By Kobe Mosley | @mosleymedia8
Sports Capital Journalism Program
GLENDALE, Ariz. – There are plenty of things about UConn star Donovan Clingan that make him seem like an average 20-year-old.
He is a jokester with his teammates, makes it a point to be first at everything — literally everything, according to teammate Andrew Hurley — and still has a bright future ahead of him.
The immense pressure sitting on top of Clingan’s broad shoulders, however, is something that most 20-year-olds — or a player of any age for that matter — never have to face.
The young Huskies center, born and bred in Storrs, Connecticut, is one win away from adding to his hometown hero legacy and giving UConn its sixth national championship in the last quarter century.
As if that is not enough to put on his plate, Clingan and number one overall seed UConn (36-3) will have to accomplish the feat by getting past an offensive wrecking crew in fellow one seed Purdue (34-4), led by 7-foot-4 Zach Edey.
The matchup between Clingan — who stands at an almost equally giant 7-foot-2 — and Edey, scheduled to tip off at 6:20 p.m. PT on Monday on TBS, will be the first time that two seven-footers have started on opposite sides of a national championship title bout since the storied matchup between Georgetown’s Patrick Ewing and Houston’s Hakeem Olajuwon in 1984. Both Ewing and Olajuwon were inducted into the Naismith Basketball Hall of Fame in 2008.
Talk about pressure, huh?
Whatever nerves Clingan is or is not feeling, he has done a pretty good job at composing himself in a way that would almost make you question if he felt indifferent.
“I think he’s handled it great,” fellow Husky Stephon Castle said. “He’s been playing great, he’s humble, he works hard. I feel like he deserves all the attention he has been getting. And we got one more game and now I get to see how locked in he is.”
During last season’s championship run, Clingan maintained an important but secondary bench role, backing up future NBA players in Andre Jackson Jr. and Adama Sanogo, the Most Outstanding Player of the Final Four. Expectations coming into this season were that Clingan was going to need to take a leap for UConn to remain at the top, and he was ready for the challenge. He would produce early, averaging just under 14 points, 6.3 rebounds, and 2 blocks over the first 12 games of the season.
When a foot injury cost him almost a month of play, Clingan knew that he would have to change a few things about his body and mindset for him to be the player he wanted to be and his team needed.

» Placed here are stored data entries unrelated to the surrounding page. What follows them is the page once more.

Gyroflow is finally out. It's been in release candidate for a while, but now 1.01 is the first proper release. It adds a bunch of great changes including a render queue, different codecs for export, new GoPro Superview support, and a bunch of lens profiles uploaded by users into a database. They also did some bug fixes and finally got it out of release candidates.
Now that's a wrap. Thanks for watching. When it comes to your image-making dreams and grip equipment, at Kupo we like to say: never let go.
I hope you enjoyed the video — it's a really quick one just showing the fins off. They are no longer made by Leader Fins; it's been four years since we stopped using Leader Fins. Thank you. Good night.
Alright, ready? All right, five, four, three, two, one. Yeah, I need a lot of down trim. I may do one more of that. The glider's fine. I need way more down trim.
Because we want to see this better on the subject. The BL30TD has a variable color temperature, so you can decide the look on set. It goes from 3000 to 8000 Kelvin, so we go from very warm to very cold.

“Trying to cut down my weight, trying to expand my game a little more…I just realized that my team needed me out there,” Clingan said. “I just had to come back from that injury with a mindset that I was going to go out there and kill for the rest of the season.”
Clingan and UConn were dominant, as the Huskies went 21-1 after his return and enter the championship game as the number one offense in the nation according to KenPom.

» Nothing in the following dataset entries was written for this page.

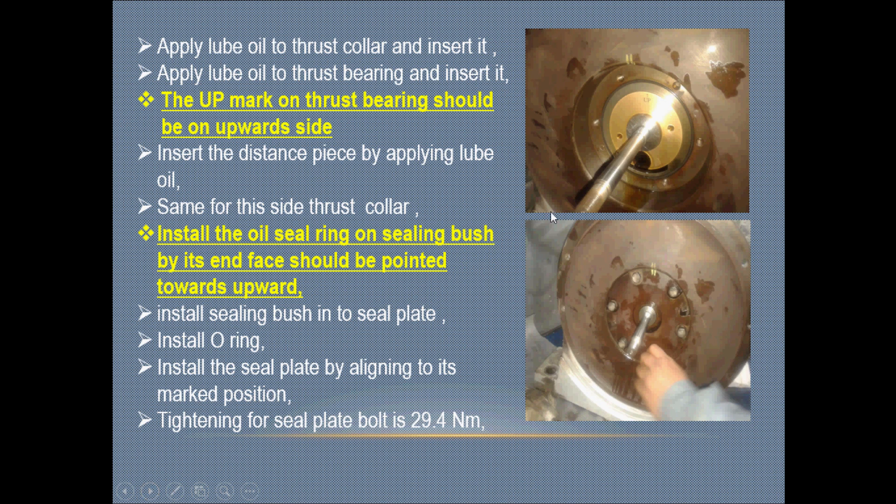After inserting the turbine rotor into the housing, apply lube oil to the thrust collar and insert it. Then apply lube oil to the thrust bearing and insert it. The mark on the thrust bearing should be on the upward side, as clearly seen in the picture.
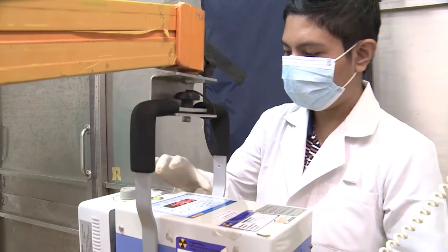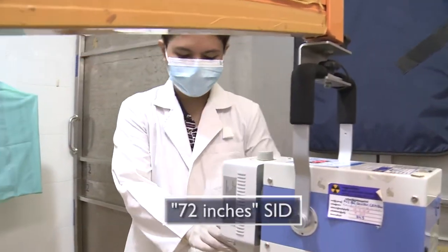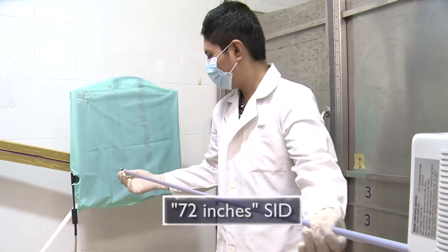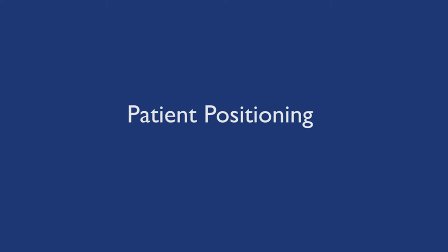In the room where the mobile radiography will occur, place the tube at the recommended source-to-image distance of 72 inches. Alternatively, keep the distance between the tube and the detector at arm's length. Adjust the tube and detector until they are centered.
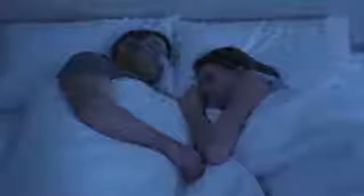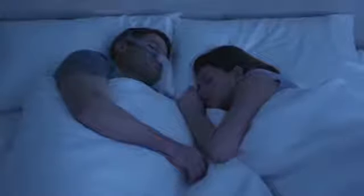ResMed's AirFit P10 Nasal Pillows Mask, with advanced quiet air venting, is a quieter mask to fit your sleep. Life starts with a mask that helps give you the sleep you need to enjoy every day.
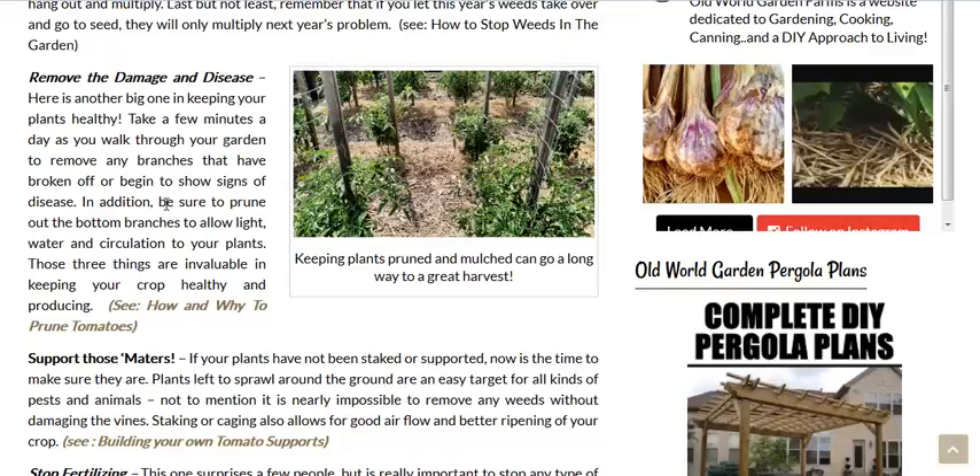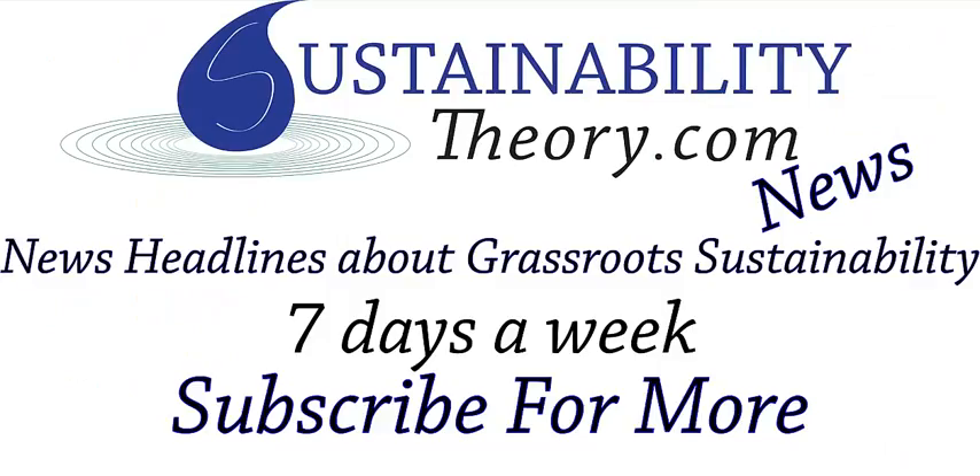Well, that's it for this story. You can read more about it in the link in the description. And if you'd like to see more news headlines like this, subscribe to my channel. Have a great day.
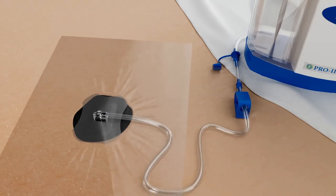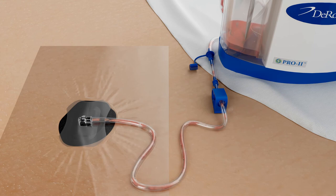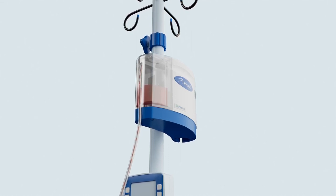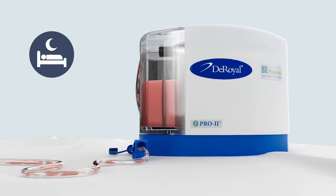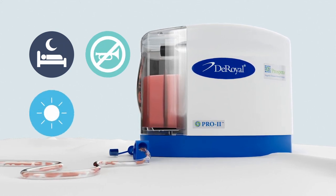During therapy, the Prospera NPWT system with Prospera Propel technology supports accurate delivery of negative pressure through the efficient management of fluid. The technology incorporates a specialized filter within the dressing dome, providing an environment for the effective removal of wound exudate from the dome cavity into the device canister. Prospera Propel technology performs efficiently while providing near-silent therapy, supporting patient comfort and discreteness across care settings and activities.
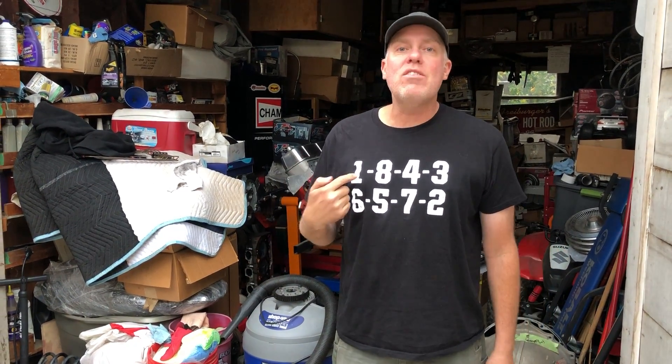Hey it's Freiburger here with another dirt cheap no production quality iPhone video talking about firing order and how you can change it up. What is firing order? As you can see right here — 1, 8, 4, 3, 6, 5, 7, 2 — it is the order in which the cylinders fire. If the distributor is rotating, it's the order that the sparks are distributed to each cylinder, and the order of the power strokes in each cylinder.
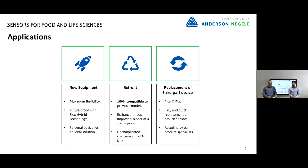Last but not least, we can also replace third-party devices. We offer plug and play in most cases, and it's easy and quick to replace broken sensors. We also support you with reconfiguring the sensors through our product specialists — you can contact us using the contact details shown at the end.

The impact that Clingan brings to a game does not go unnoticed by his competition. Monday night’s opponent gave its respect to the defender and disrupter that he is on the court.
“He is a great player, that’s no surprise,” Edey said. “Everyone kind of knows what type of player he is on the defensive end, offensively he is pretty good too.”
Boilermakers head coach Matt Painter weighed in too, saying that Clingan is ”going to be a fabulous player, he’s got 15 to 20 years in front of him.”
When polling his UConn peers and coaches about what the sophomore center adds to the team, it has nothing to do with the type of player he is and everything to do with the kind of person he is.
“He’s somebody that if we had lived in the same town in Connecticut, me and him would have been best friends throughout everything (growing up),” Andrew Hurley said. “He’s just somebody that it’s so hard not to like him…his personality, his work ethic, everything. It’s hard to hate on the guy.”
UConn coach Dan Hurley agreed, saying that having players like Clingan positively “affects the team vibe” and it makes coaching better when his players like him are not “zombie-like creatures.”
“They bring life to the locker room,” Hurley said. “They’re people that you can lose with and still be able to pick up the pieces because they’re good people, they’re charismatic, and they’re just great in the locker room because it’s a grind.”
That grind will culminate with a level of basketball played by two big men that we haven’t seen in 40 years. Pressure, expectations, fears and all, Clingan and UConn are ready for the challenge.
“It’s going to be a great matchup,” he said. “Seeing two of the best teams in the past two years battling it off for a national championship — there is nothing better.”